Fait important à souligner, les personnes aux prises avec cette maladie pourraient ainsi être portées à cacher leurs symptômes et à ne pas chercher un traitement efficace. Les préjugés exercent donc un effet direct sur la morbidité physique associée à la migraine en plus d’imposer un fardeau psychologiques inutile.

Sur une note plus positive, le Dr Shapiro espère que d’ici une dizaine d’années, nous aurons des biomarqueurs – peut-être même des examens d’imagerie fonctionnelle – qui permettront d’objectiver un diagnostic de migraine. D’ici là, il est important de poursuivre nos efforts pour éduquer le corps médical et le grand public quant aux réalités auxquelles font face les personnes aux prises avec la migraine.

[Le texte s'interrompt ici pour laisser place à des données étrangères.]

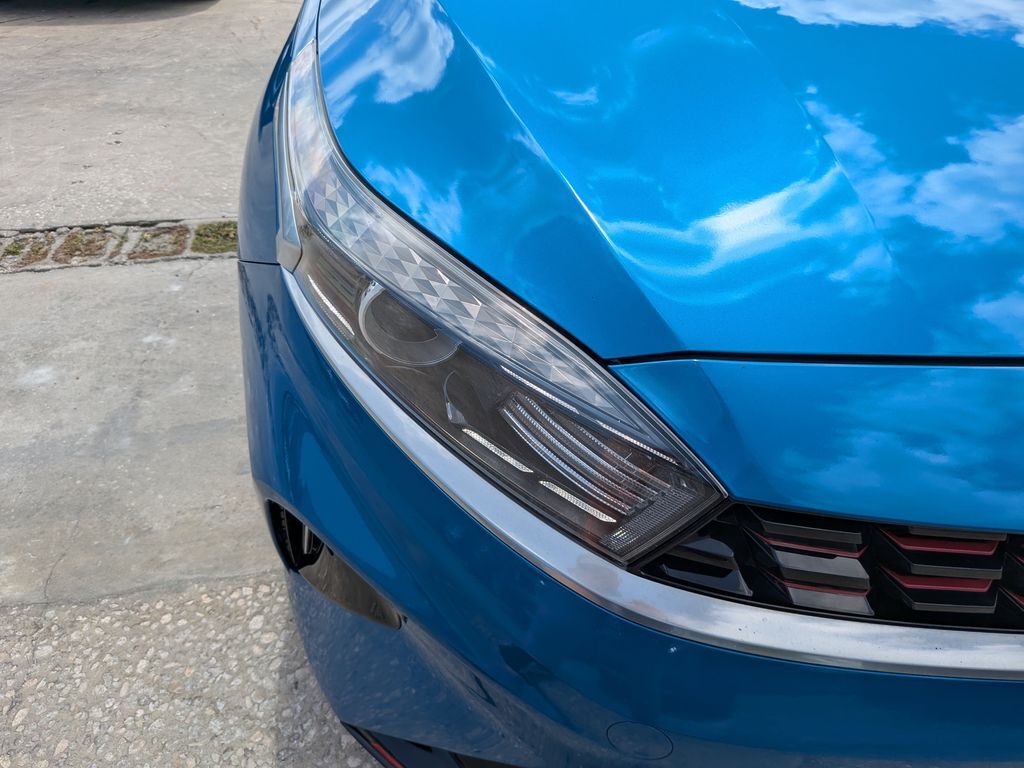 2023 Kia Forte GT-Line San Clemente CA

Les faits saillants du symposium rapportés par nos correspondants se veulent une représentation juste du contenu scientifique présenté. Les opinions et les points de vue exprimés sur cette page ne reflètent pas forcément ceux de Lundbeck.

Références

1. Karsan N, et al. Front Neurol. 2020;11:140

2. Karsan N, et al. Cephalalgia. 2018; 38:36

3. Transcript of interview of Nazia Karsan by Lisa Horwitz, Migraine World Summit 2023.

4 Karsan N, et al. Cephalalgia 2021;41:721-30.

5. Karsan N, et al. J Neurol. 2021;268.1885-93.

6. Transcript of interview of Robert Shapiro by Kellie Pokrifka, Migraine World Summit 2023.